A model of trait-based/neutral dynamics of trophic interaction networks

Author: Timothée Poisot (t.poisot_at_gmail.com)

Compilation and execution requires the GNU Scientific Library.

Released under the terms of the GPL license. Forking this repository grants implicit authorisation to pull and merge all future changes and release them (with attribution) under the original license.

The default usage is to compile the program from source using make. This will put to executables, niche and pop, in the bin/ folder, and create an output/ folder in which pop will write.
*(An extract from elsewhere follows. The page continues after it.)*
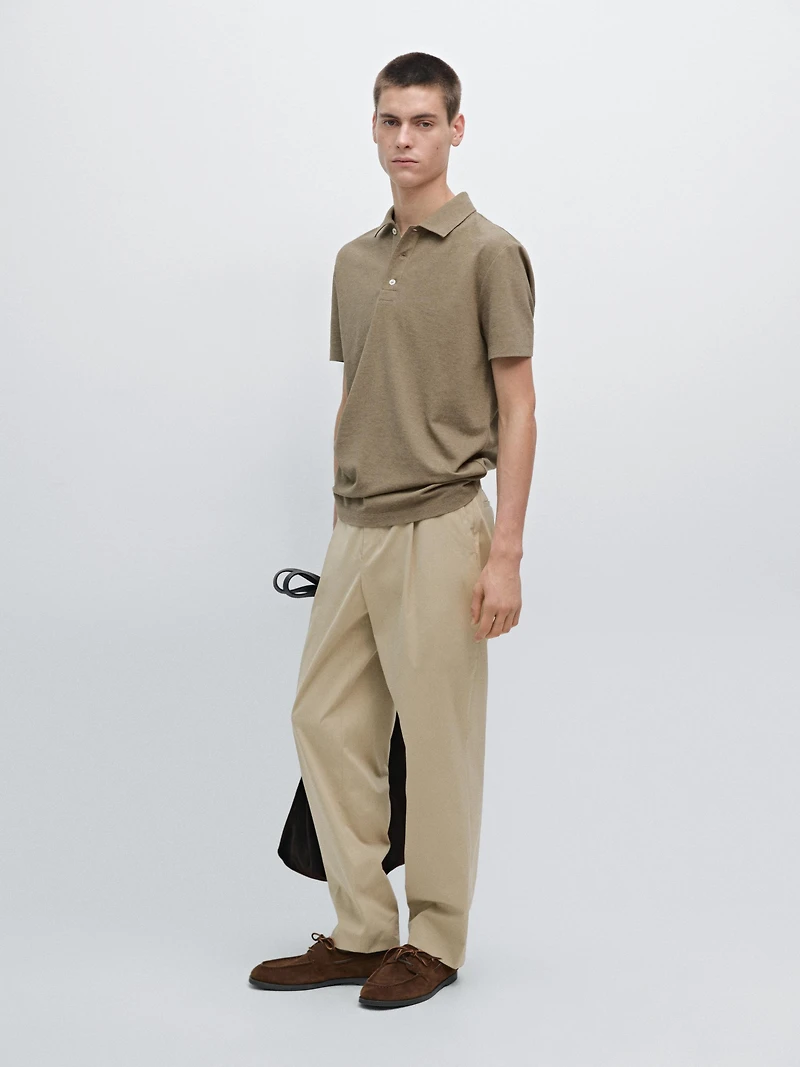 100% cotton melange short sleeve polo shirt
Both niche and pop should be launched from within the bin/ folder.

niche is a implementation of the niche model of food webs, also generating random carrying capacities based on species body sizes (see the preprint discussing this model to see how this is done).

niche S C

will generate a network of (exactly) S species, with (approximately) C connectance. The resulting list of species will be put in a file called splist.txt. This file is then read by the sub-program pop.

The file splist.txt is made of 6 columns: the identifier of the species (from 1 to S), its body size, range, and centroid (all between 0 and 1, as in the original niche model of Williams & Martinez), and the randomly generated carrying capacity and starting population size.

pop is an individual-based simulation model using the output of niche to simulate network dynamics. Note that because pop reads informations within a file called splist.txt, the user can generate this file in any other way. Examples are given in the publication accompanying this program.

The executable generated after compilation requires a number of arguments:

1. the file in which the species list is stored (splist.txt, unless another file was generated)
2. an integer giving the number of species in the flile splist.txt
3. an integer telling whether to use body size to determine feeding range (1) or only neutral dynamics (0)
4. an integer giving the simulation time
5. an integer giving the number of timesteps that should be recovered by the end of the simulation
6. the prefix of the output file
7. an integer telling whether there is migration at each timestep (1for migration, 0 for no migration)
8. an integer telling how many individuals are added at each time step
9. an integer telling whether the system starts with all species (0), or whether it should be assembled species-by-species (1)

The pop sub-program generates json files, following the following scheme:

{
   "name":"argument 6",
   "species":{
      "0":{"n": 0.84, "r": 0.02, "c": 0.61, "K": 183},
      "1":{"n": 0.11, "r": 0.10, "c": 0.08, "K": 504},
      ...
   },
   "times":[
      "0":{
         "pop":{
            "0": 121,
            "1": 104,
            ...
         },
         "int":[
         {"pred": 0, "prey": 4},
         {"pred": 3, "prey": 3},
         ...
         ]
      }
   ]
}

The species arry has S elements, containing the species identifier, the niche model parameters n, c and r, and the carrying capacity K. The times array has one element per recorded timestep, with each entry being composed of an array pop (identifier of the species and current population size), and an array int (identifier of the predator and the prey). Take together, these elements are enough to reconstruct (i) population sizes and (ii) network structure over time. This object can then easily be parsed using JSON parsers in various languages (json in Python, rjson in R).